PROBLEM TO SOLVE - An exact copy of the entries below is needed, with every picture left out.

··· SUPPLIED RECORDS ···

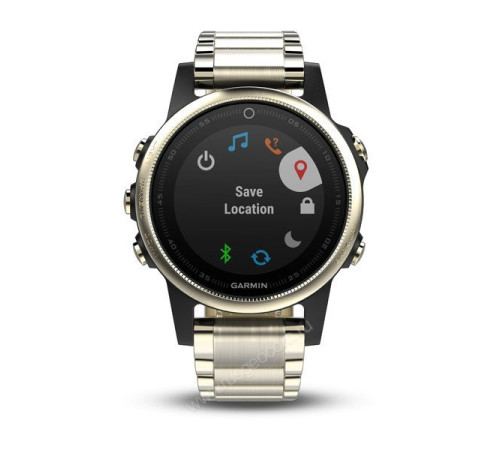Часы с GPS Garmin Fenix 5S Sapphire золотистые с металлическим браслетом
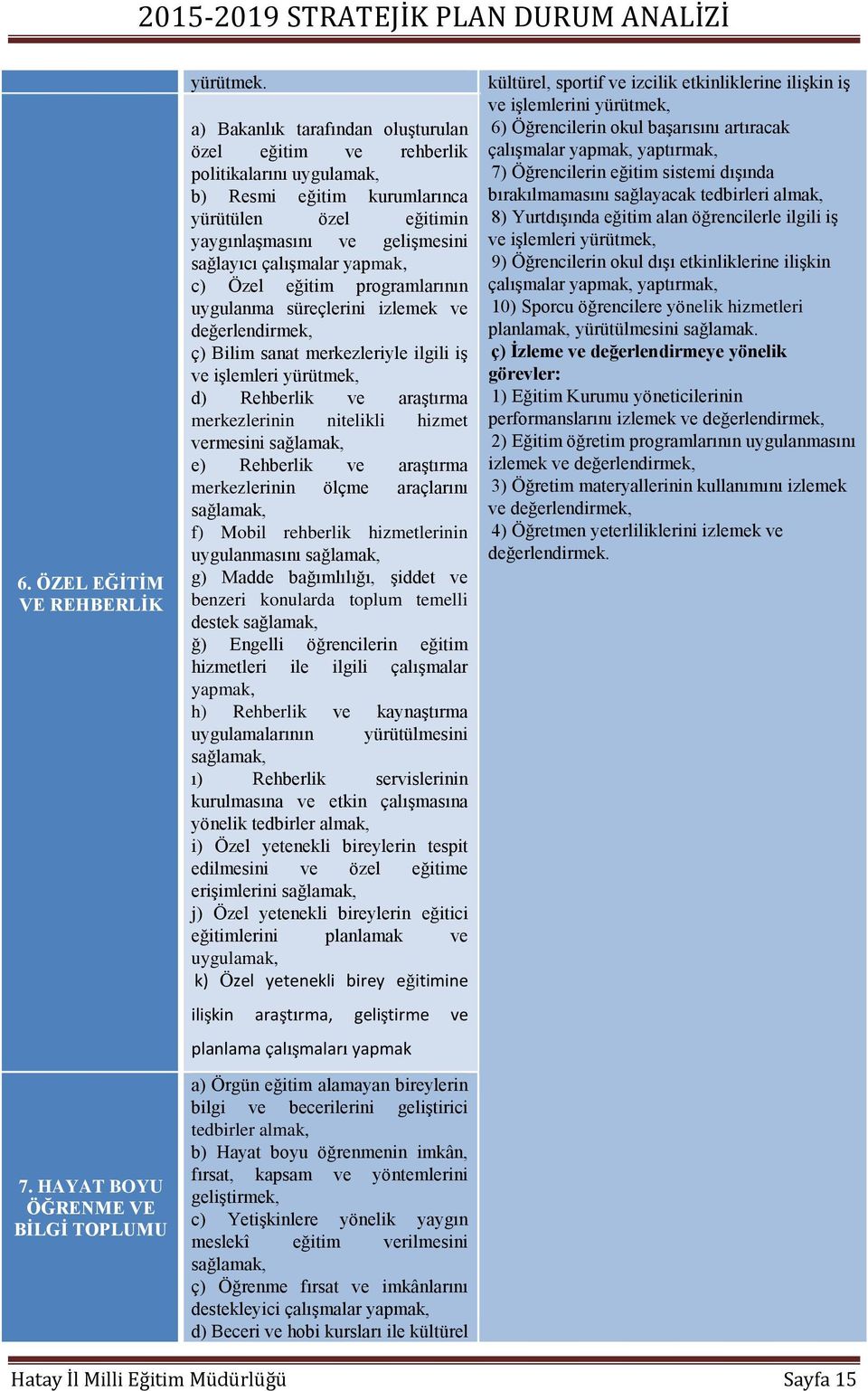 c) Özel eğitim programlarının uygulanma süreçlerini izlemek ve değerlendirmek, ç) Bilim sanat merkezleriyle ilgili iş ve işlemleri yürütmek, d) Rehberlik ve araştırma merkezlerinin nitelikli hizmet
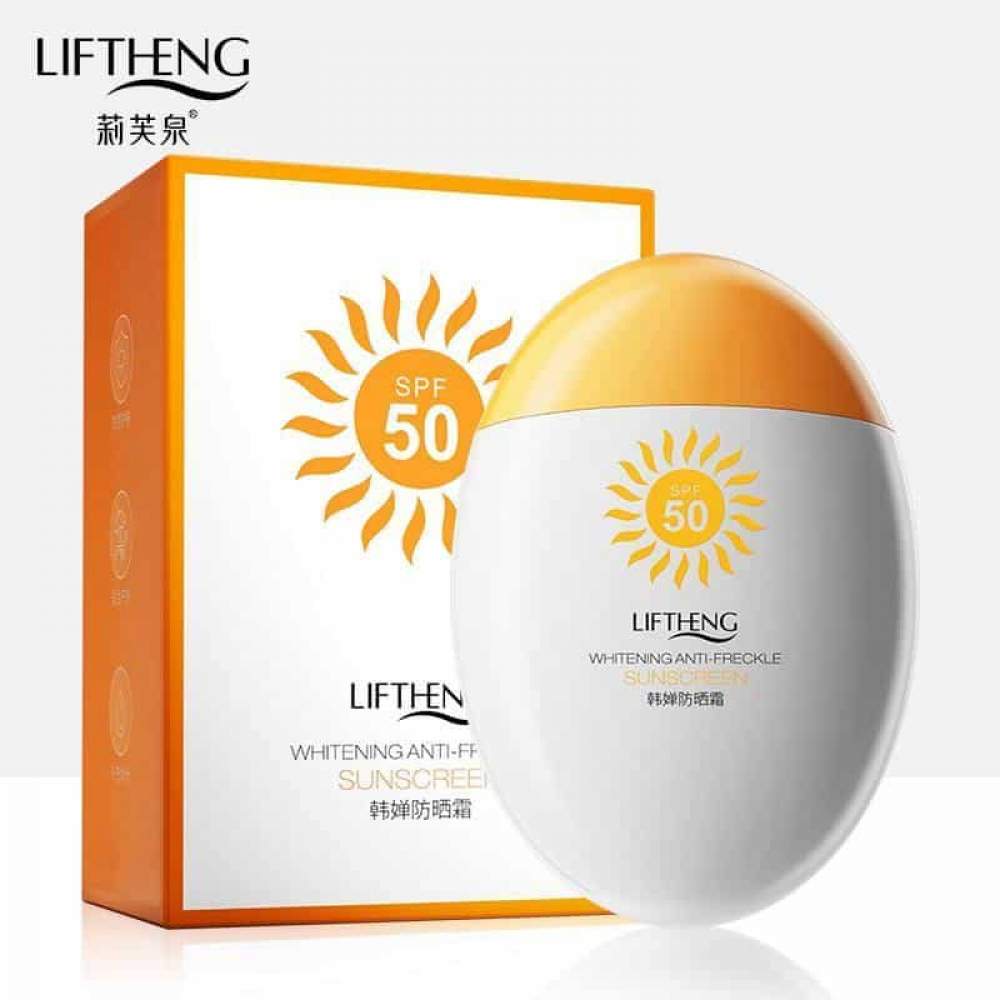 Сонцезахисний крем для обличчя та тіла liftheng whitening anti-freckle spf50, 40 г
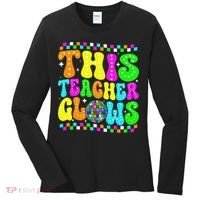 This Teacher 80s 90s Teacherss Day Glows Last Day Of School Women's Long Sleeve Shirt thumb 0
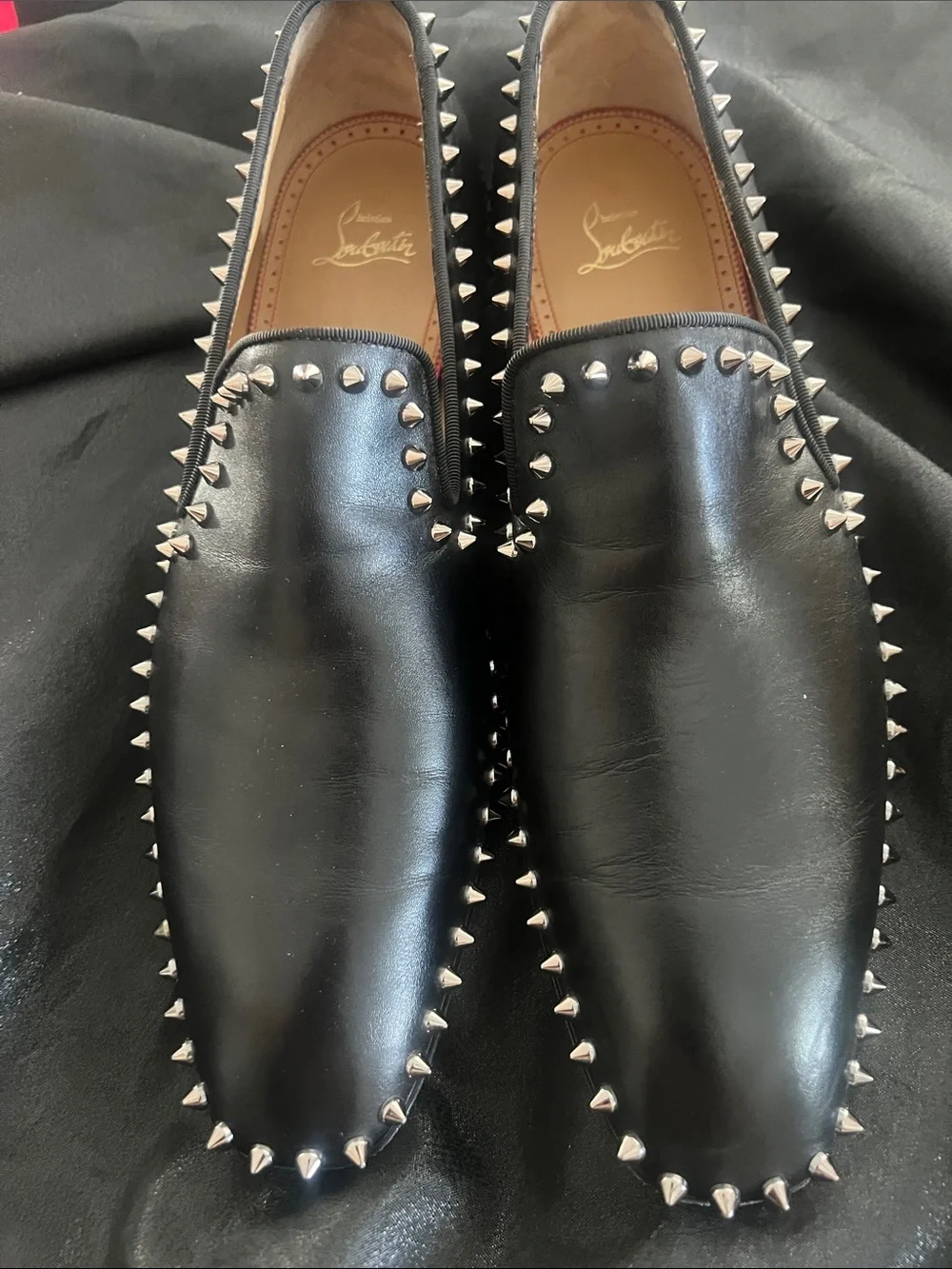Men's Christian Louboutin Black Leather Studded Slip on loafers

···

RESULT FOR THIS EXERCISE -
Часы с GPS Garmin Fenix 5S Sapphire золотистые с металлическим браслетом
 c) Özel eğitim programlarının uygulanma süreçlerini izlemek ve değerlendirmek, ç) Bilim sanat merkezleriyle ilgili iş ve işlemleri yürütmek, d) Rehberlik ve araştırma merkezlerinin nitelikli hizmet
 Сонцезахисний крем для обличчя та тіла liftheng whitening anti-freckle spf50, 40 г
 This Teacher 80s 90s Teacherss Day Glows Last Day Of School Women's Long Sleeve Shirt thumb 0
Men's Christian Louboutin Black Leather Studded Slip on loafers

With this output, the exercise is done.